Conversely, if you're just given some discount factors (eg from some swap curve) then you can multiply cash flows % by the given discount factors and sum them to get the price implied by the discount factors (which is not likely to match any observed price). For example
$$\begin{array} {|c|c|c|c|c|c|} \hline \ & \mbox{Undiscounted} & \mbox{Undiscounted} & \mbox{Made-up} & \mbox{Discounted} & \mbox{Discounted} \\ \mbox{Year} & \mbox{Cashflow} & \mbox{Cashflow} & \mbox{Discount} & \mbox{Cashflow} & \mbox{Cashflow} \\ & \mbox{\\\$} & \mbox{\%} & \mbox{Factor} & \mbox{\\\$} & \mbox{\%} \\ \hline 1 & 26,666.67 & 4 & \mathbf{0.95} & 25,333.33 & 3.80 \\ 2 & 360,000.00 & 54 & \mathbf{0.92} & 331,200.00 & 49.68 \\ 3 & 13,333.33 & 2 & \mathbf{0.89} & 11,866.67 & 1.78 \\ 4 & 13,333.33 & 2 & \mathbf{0.86} & 11,466.67 & 1.72 \\ 5 & 346,666.67 & 52 & \mathbf{0.83} & 287,733.33 & 43.16 \\ \hline \\ \mbox{Total} & 760,000 & 114 & & 667,600 & 100.14 \\ \hline \end{array}$$
These made-up discount factors imply the dirty price of 100.14. Subtracting the accrued interest, we get clean price of 100.14 - 1 = 99.14.

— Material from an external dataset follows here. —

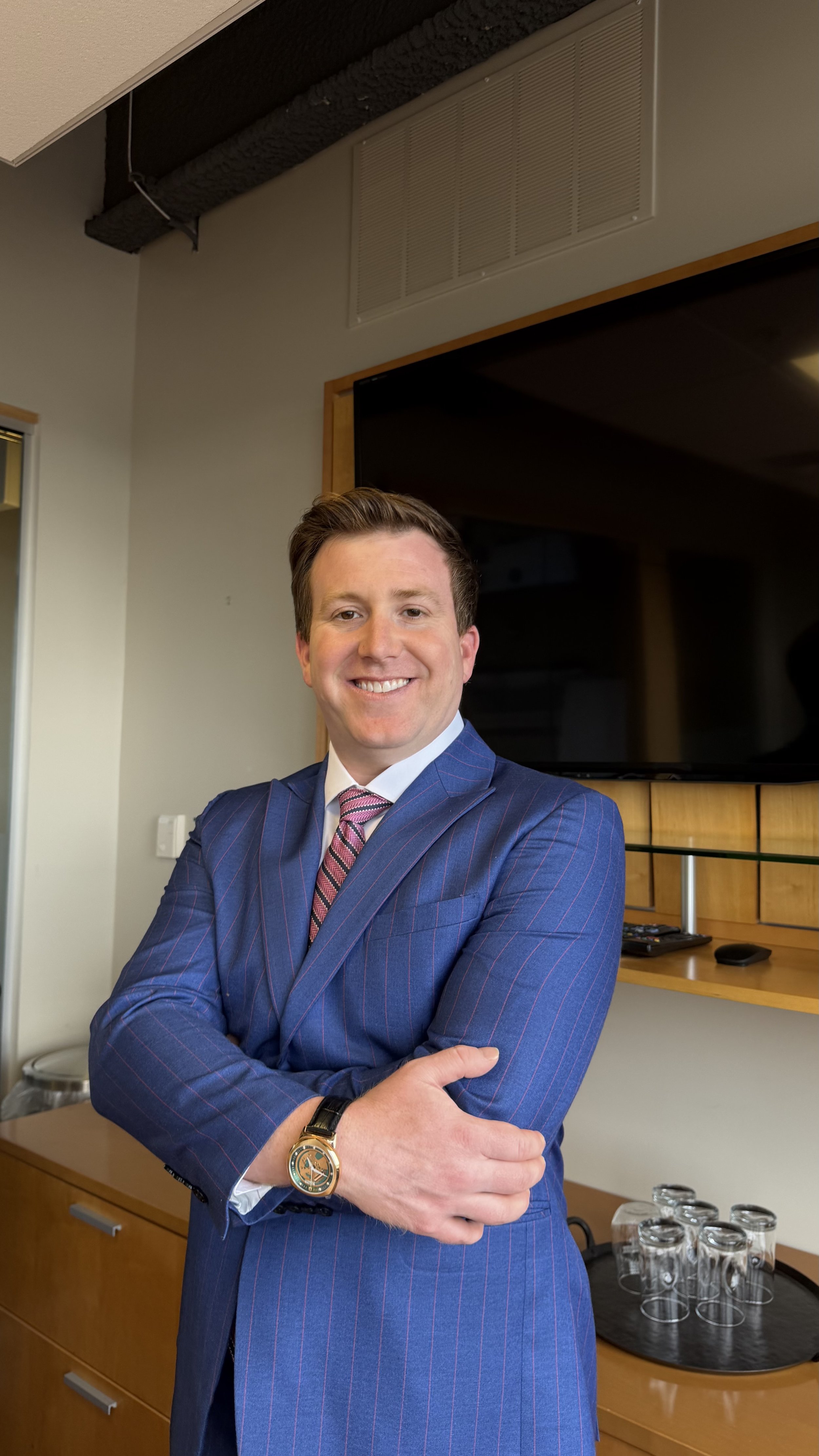 A smiling man wearing a blue pinstripe suit, pink tie, white shirt, and a watch, standing with arms crossed in an office or conference room.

Or, if you're just given the net of the discounted cash flows, like USD 667,600, then you still can divide by the principal as of the settlement date (USD 1,000,000 * 2/3) to get the dirty price of 100.14%. If you wish, you can also solve for the yield explaining this price, possibly using yet other discount factors corresponding to this yield. To get a clean price, you subtract the accrued interest from the dirty price (again, being careful with the factor).